---------- SOURCE DATA
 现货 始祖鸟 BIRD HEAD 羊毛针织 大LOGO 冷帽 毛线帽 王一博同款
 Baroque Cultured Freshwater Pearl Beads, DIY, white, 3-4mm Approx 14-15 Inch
--------------------
---------- SOURCE DATA
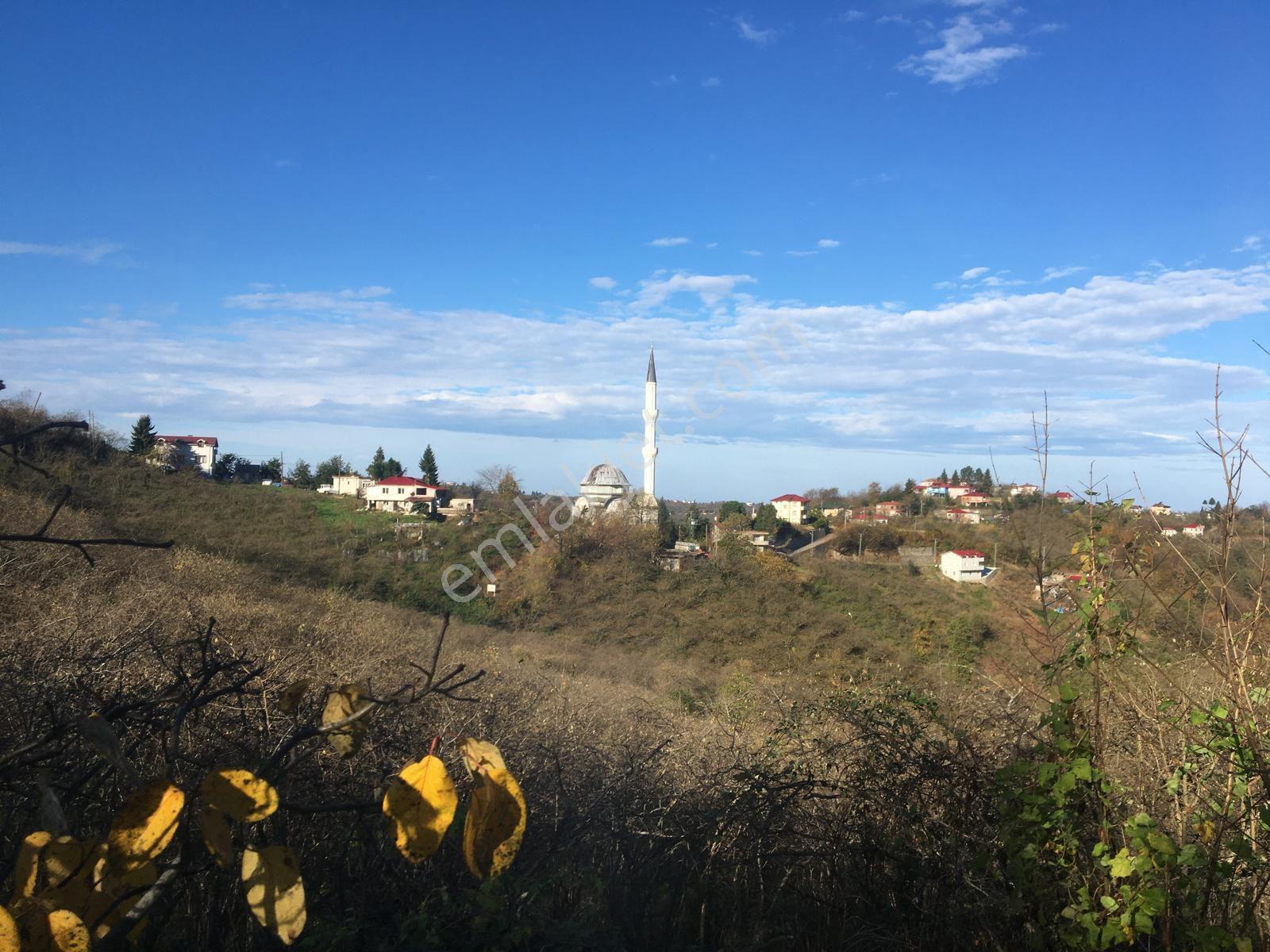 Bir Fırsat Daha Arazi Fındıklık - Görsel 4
--------------------
---------- SOURCE DATA
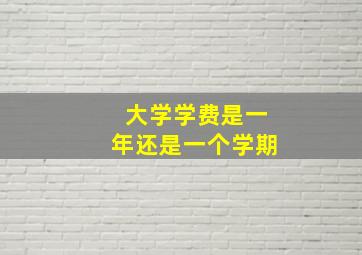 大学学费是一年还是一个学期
--------------------
[WHAT IS NEEDED]: Print only what lies in the material above starting at the line with "现货 始祖鸟 BIRD HEAD 羊毛针织 大LOGO 冷帽 毛线帽 王一博同款" and ending at the line with "Baroque Cultured Freshwater", every line exactly as given.

[RESPONSE TO THIS TASK]:
 现货 始祖鸟 BIRD HEAD 羊毛针织 大LOGO 冷帽 毛线帽 王一博同款
 Baroque Cultured Freshwater Pearl Beads, DIY, white, 3-4mm Approx 14-15 Inch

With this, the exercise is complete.